A pattern is designed and built, shipped to the foundry and put onto the molding line. Samples are made and checked, but then may have to be scrapped due to poor quality. Possible pattern changes are discussed: perhaps some can be implemented instantly – but perhaps not. Maybe the pattern has to be returned to the tool shop. The next sampling is planned soon and will be better (one hopes.)
Thoughout all this, the customer needs to be kept informed, given explanations as to what is happening and why it is not working, what are the problems, what are the possible solutions – and how much longer it will take before he can receive the high quality casting that he ordered, and that the foundry wants to supply.
All of these steps represent waste for the foundry, including wasted production time, wasted tool shop time, and wasted engineering capability averaging $1,200-$2,500/trial (at least.) Most important, however, this procedure is risking the customer’s trust in the metalcaster.

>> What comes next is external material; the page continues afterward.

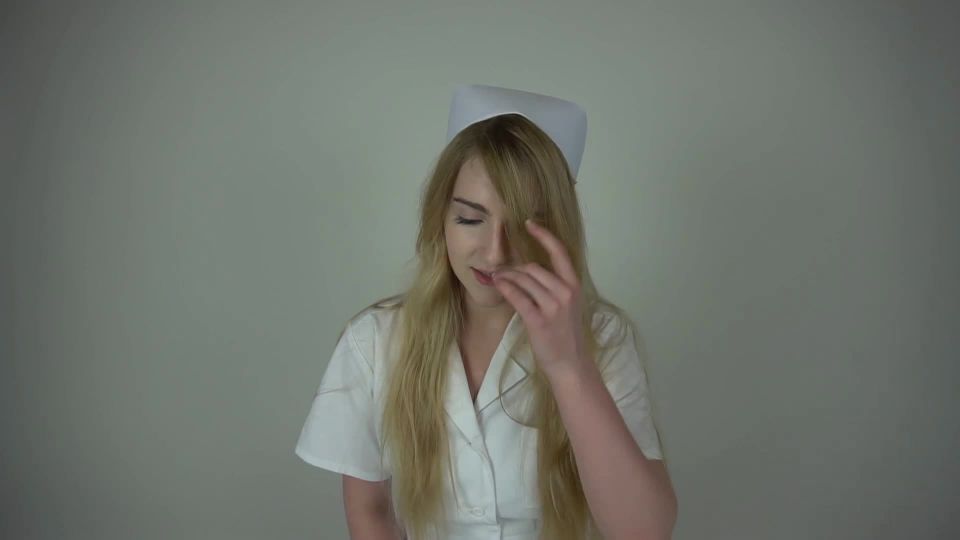 Webcam dirty Nurse Sucks And Fucks Your Engorged Cock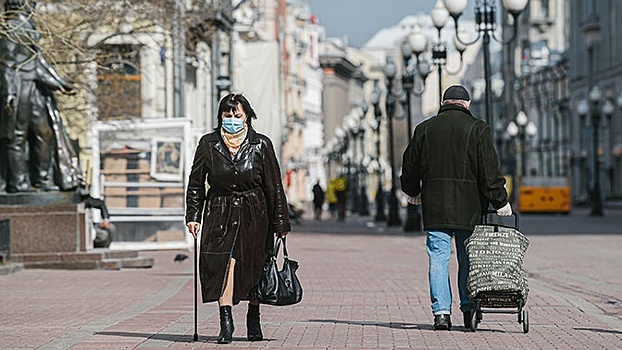 Эксперт рассказала о влиянии коронавируса на продолжительность жизни россиян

Customers rightly expect their jobs to be done right the first time, without explanations or delays. Why should they return to this foundry when they can receive high-quality castings the first time at a shop that uses simulation? Customer satisfaction means customer retention – and simulation software helps to assure customer satisfaction.
How do you find the simulation software that best suits your needs — and your budget? For a company that has never considered simulation software, the selection process can be a tough one. Start by contacting the vendors you recognize by name, search published reports and case studies, attend meetings and presentations. Better still, ask your customers or successful competitors what they recommend. Once you have the right names, apply the selection processes you use for other vendors.
Consider the history and structure of the supplier: How long has it been supplying sofware? Is it an independent vendor or a small department in a large firm? Is it profitable? Can it continue to develop and supply software even when a key team member leaves?
Consider the specific needs of your operation. Where is the vendor located? It’s difficult to work with someone who’s operation is several time zones away. Review the size of the company and the level of support it provides: Do they have enough competent engineers who understand your casting process? Two or three engineers might seem enough – as long as one isn’t in the field, a second at an exhibition, and the third is unfamiliar with your process. Your business can’t afford to wait days for the right answer.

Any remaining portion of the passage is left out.